Legend - early Grimdark Fantasy
Aside from some of the ancient sagas what we now call grimdark fantasy kicked off in 1984 with two books, The Black Company by Glen Cook and Legend by David Gemmel. Rather than follow the anti-heroes, Gemmel wanted to explore why and how people can choose to stand before overwhelming odds to fight for their beliefs. From the beginning the reader is told that its a hopeless fight. One well built but neglected fortress with nine thousand poorly trained defenders protecting their empire from half a million barbarian warriors. The dying nobleman in charge sends two desperate calls for help. He sends to the White Temple for the Thirty, a band of psychic warrior monks willing to die for the right cause, and to his old comrade in arms, the famed Druss the Legend who has never lost a battle.

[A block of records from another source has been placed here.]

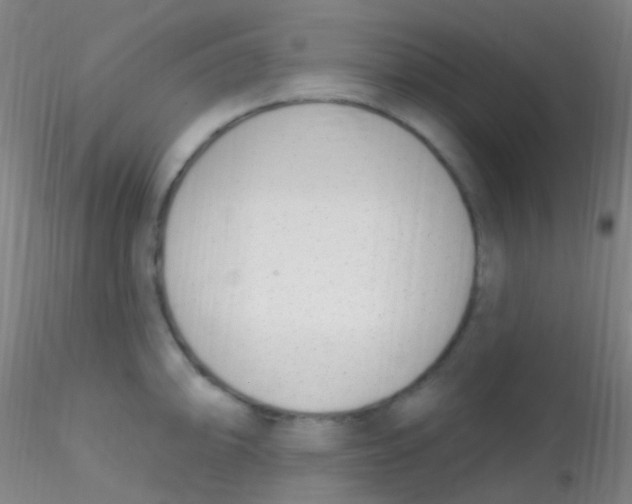 X0000115221094200911251526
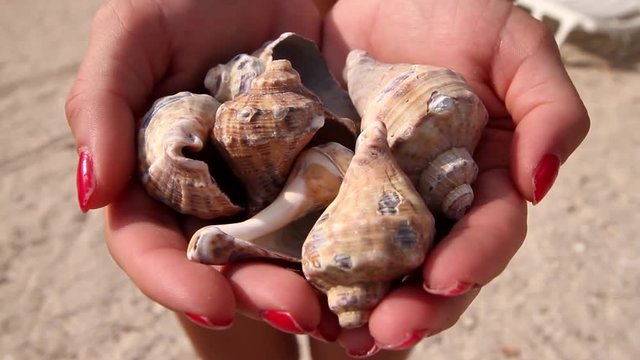 Sea shells in woman hands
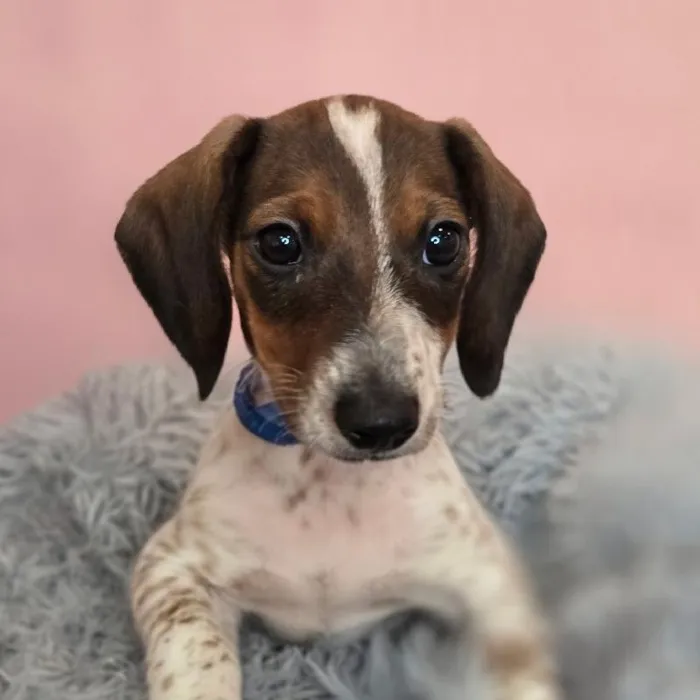 Male Dachshund puppy named Jimmy for sale at Waggles Raleigh.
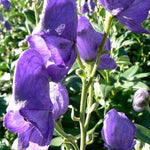 Aconitum carmichaelii Arendsii Monkshood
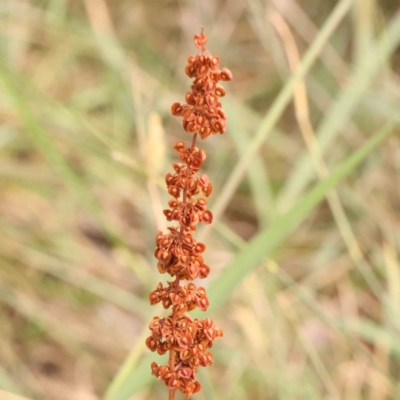 Rumex sp. (A Dock) at O'Connor, ACT - 23 Mar 2024 by ConBoekel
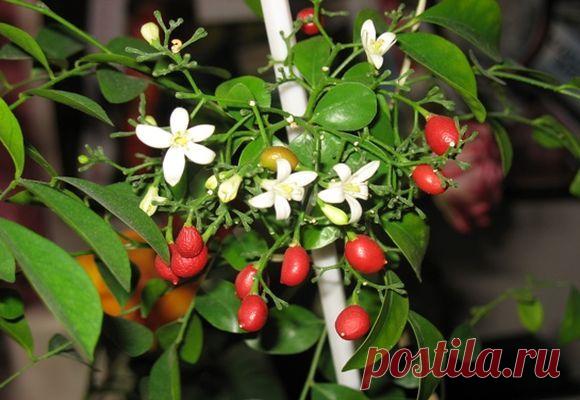 Как правильно размножать и ухаживать за мурайей в домашних условиях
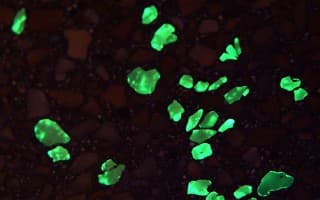 Terrazzo Lumineo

Druss is now sixty, battered in both body and spirit but he takes up his battle-axe Snaga and walks south to the fortress Dros Delnoch. His job is simple but seemingly impossible, convince the defenders that they can hold three months against the horde. The Earl of Dros Delnach sent his daughter Virae to hire the Thirty. She's a talented swords woman but lacks self confidence in herself as a woman. Along the way she meets Rek, a self proclaimed wanderer, thief, and coward who wants to get as far away from the war as possible. For Virae, Rek will do anything, including lead the fight at Dros Delnach. To his surprise Serbitar, youngest of the Thirty, is chosen to lead them. His job is to be the strategist. These four, their hopes, dreams, fears, insecurities, and determination form the compelling heart of Legend.
Legend is not a polished piece of writing. Its like watching a train wreck, fancy words and descriptions would only lessen the raw impact. Its about what each character is thinking at a particular moment. The Nadir warrior climbing the siege ladder impatient to be up on the wall certain that glory is his for the taking. The farmer who realizes that he's bored of his life and wife and chooses to stay at the fort rather than go home to possible safety. The characters may not be complex but they are completely exposed which reduces the battle to the human struggle to survive. Because Legend wasn't just Gemmel's first book, its what he wrote when they told him he had cancer in 1976. He planned to end the story based upon his prognosis but further testing showed he didn't actually have cancer. A few years later he dusted it off and gave it an ending but it still retains that element of facing what you fear is certain doom.
Gemmel went on to be an international bestselling author but was widely criticized for only writing about violent conflicts and a repetetive vocabulary. No argument on either point, and I don't especially recommend any of Gemmel's other works except for Echo of the Great Song. However, the spare straightforward style of the 80's makes a nice contrast to the heavier style of today's grimdark works and there is just enough spark of the human spirit to prevent Legend from wallowing in defeatism. Gemmel died at age 58, coronary failure, and his last book was finished by his wife Stella Gemmel who has gone on to write some good books of her own.
Sean Barrett apparently gives a good performance reading the audio version and it has 4.5 stars on Audible.